For those who guessed I took the second job, you are correct.

The salary disparity between Job 1 and Job 2 mentioned in the previous post concerns me a little bit because there's a pretty reasonable cost of living question. In looking at it, Job 2 put me in a better spot - or at least put me in a spot I'm okay being in - if something goes wrong. Between the resources being given to me which will allow me to do more travel and research, and the courses I'd get to teach which are much closer to what I've been wanting to teach all along, it just seemed like the better option.

What made it a tough call, though, was that Job 1 is much closer to my aging parents. Of course, as you may have suspected from various posts, being too close to my family is also a concern. So a large part of the temptation to go that route was the ability it would have lent me to be close to them. But that felt like part of a two pronged trap, because if Job 1 didn't feel right - and there were some concerns about it, largely in terms of teaching and lack of resources - being so close to family makes it harder (for me at least) to seek out a better position.

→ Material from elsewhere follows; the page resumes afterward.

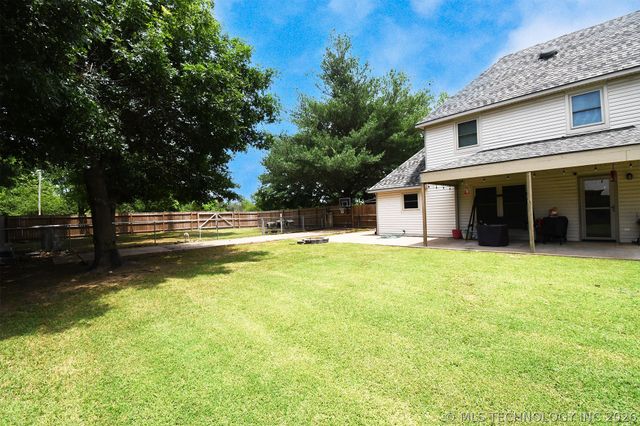 1508 N 3rd Avenue, Warner, OK 74469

Obviously, of course, I hope all of that is hypothetical, and that this is, indeed, the position I stay at all my days. We shall see.

And the Winner Is...

...okay, I couldn't give it away that easily, now could I? If you're following this, you deserve some drama, after all.

Plus, I'll give you vague references to ninth grade algebra.

First, word slipped out here by virtue of a phone call to one of my references. Word at SLAC spreads like wildfire, and so moments after that call was made, my relentless checking of Facebook statuses and apartment prices was disrupted by a rapping at my open door. First, my department chair. Then my Dean. Then a colleague who lurked in the hallway long enough to figure out what the parade through my threshold was about. All of this before I'd actually made my decision. Injected into the middle of the process was the awkward question from on high about whether a counter offer might somehow change things.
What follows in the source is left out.